Alabama’s state owned and operated retail liquor stores serve the sole purpose of transforming the wealth of Alabama taxpayers (about 4 million or so) into pay, benefits, and rents for a small group of state employers (about 600) and lease holders (no more than 176). The ongoing clamor over the proposal to close these stores illustrates the Law of Concentrated Benefit and Distributed Cost.
In this case we have a large benefit paid to a few paid at a small cost to many. The small group benefits from a narrow public policy and fights hard to preserve the benefit while the broader group which pays for the benefit does not fight because they find it not worth the effort to oppose it. This is one reason why special interest groups can be so powerful and why they can be successful in pushing policy that is harmful and unaffordable to the citizens of the state. The Alabama Education Association is another example of this principle in action.
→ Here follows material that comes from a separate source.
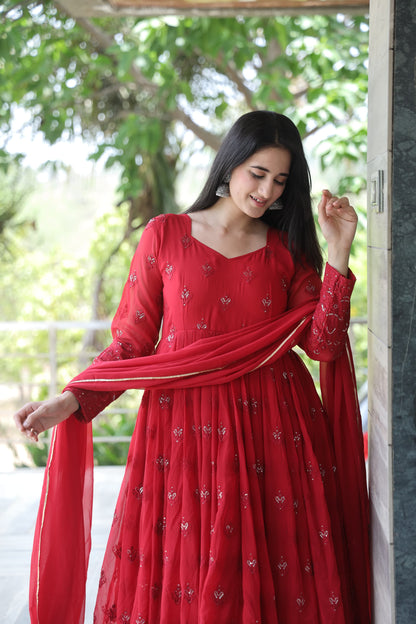 Maroon Premium Quality  Anarkali Suit Set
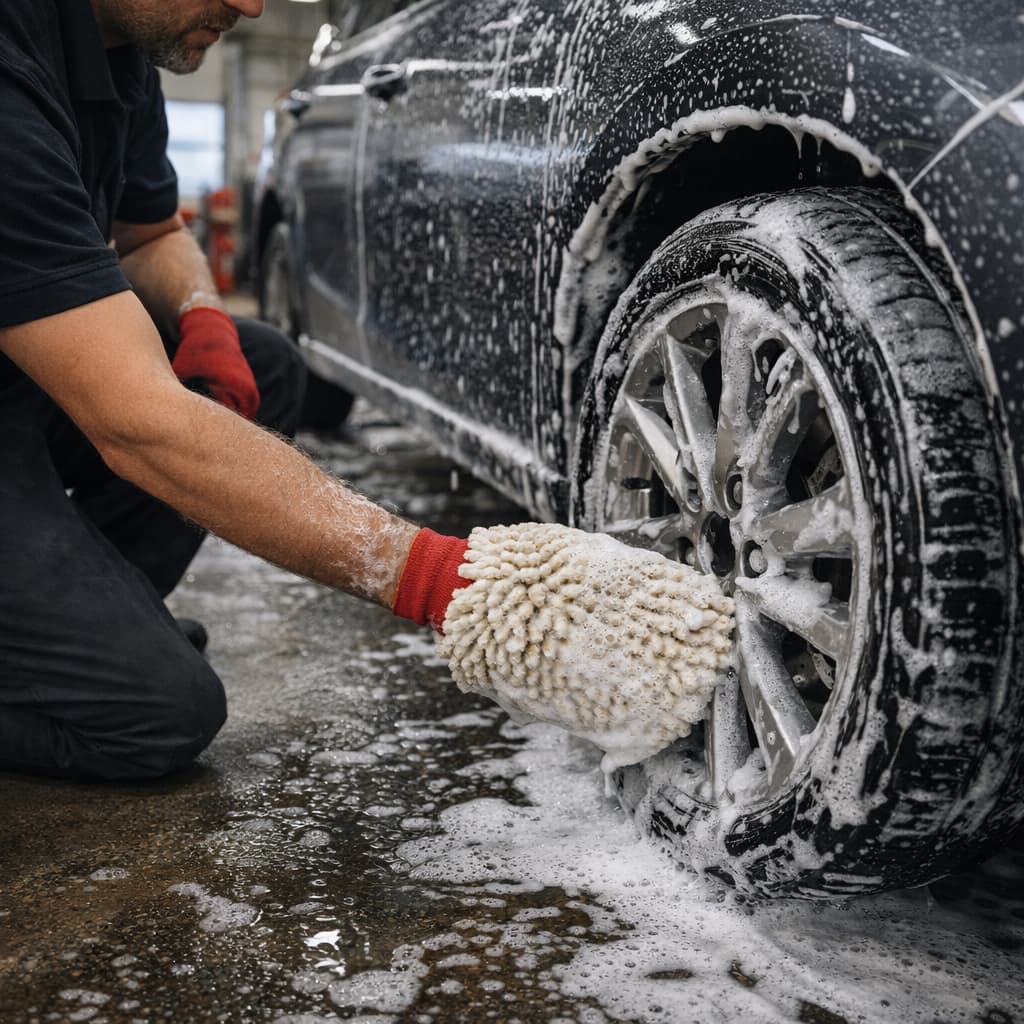 Exterior car detailing in progress on a standard sedan, including hand washing and wheel cleaning.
Alabama has a mix of state and private liquor stores, about 176 and 550 respectively, with the state stores doing about 75 percent of the business. Taxes are the same on the booze sold in both types of stores and those taxes all go to the Alabama treasury. Private stores also pay other taxes, e.g., real estate and income taxes. And the private stores must buy the booze they sell from the state, but that calculus is not considered here.
The state stores have also annually distributed to the treasury excess revenue ranging from $303 thousand to almost $13 million in the years 2008 through 2013. The net benefit of the state stores is small and variable. And that benefit is also overstated because state accounting does not consider future payments that will have to be made to retired state employees because, like most states, the Alabama retirement system is underfunded.
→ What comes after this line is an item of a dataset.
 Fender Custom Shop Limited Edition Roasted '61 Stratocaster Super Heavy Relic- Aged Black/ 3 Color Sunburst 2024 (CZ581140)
The Alabama is considering SB115, a bill which would close the state liquor stores and make the retail booze business completely private. The Legislative Fiscal Office has opined that this would increase state tax revenue by $16 to 25 million per year beyond the status quo described above. In a state facing a large budget deficit and the prospect of large tax increases, getting ‘Bama out of the booze business makes lots of sense to most people. So why the clamor over such a sensible bill?
The clamor is explained by the Law of Concentrated Benefit and Distributed Cost. The small group getting benefits from working in or leasing stores is working hard to keep their benefits. That is as understandable as it is unaffordable – unless you want to pay more taxes.
Even though they provide no benefit and serve no essential services for the taxpayers, the rent seekers and employees have lots to lose. They and their lobbyists have gotten to four Republican senators (pictured below) on the committee working SB115 and convinced them to block the bill and keep their gravy train going. In stopping the bill in committee, those senators have now bought the goodwill and votes of the special interest with taxpayer money.
But the special interests and their swineherds are not the only ones who can make noise. Now would be a good time for conservatives to speak up against cronyism and for limited government.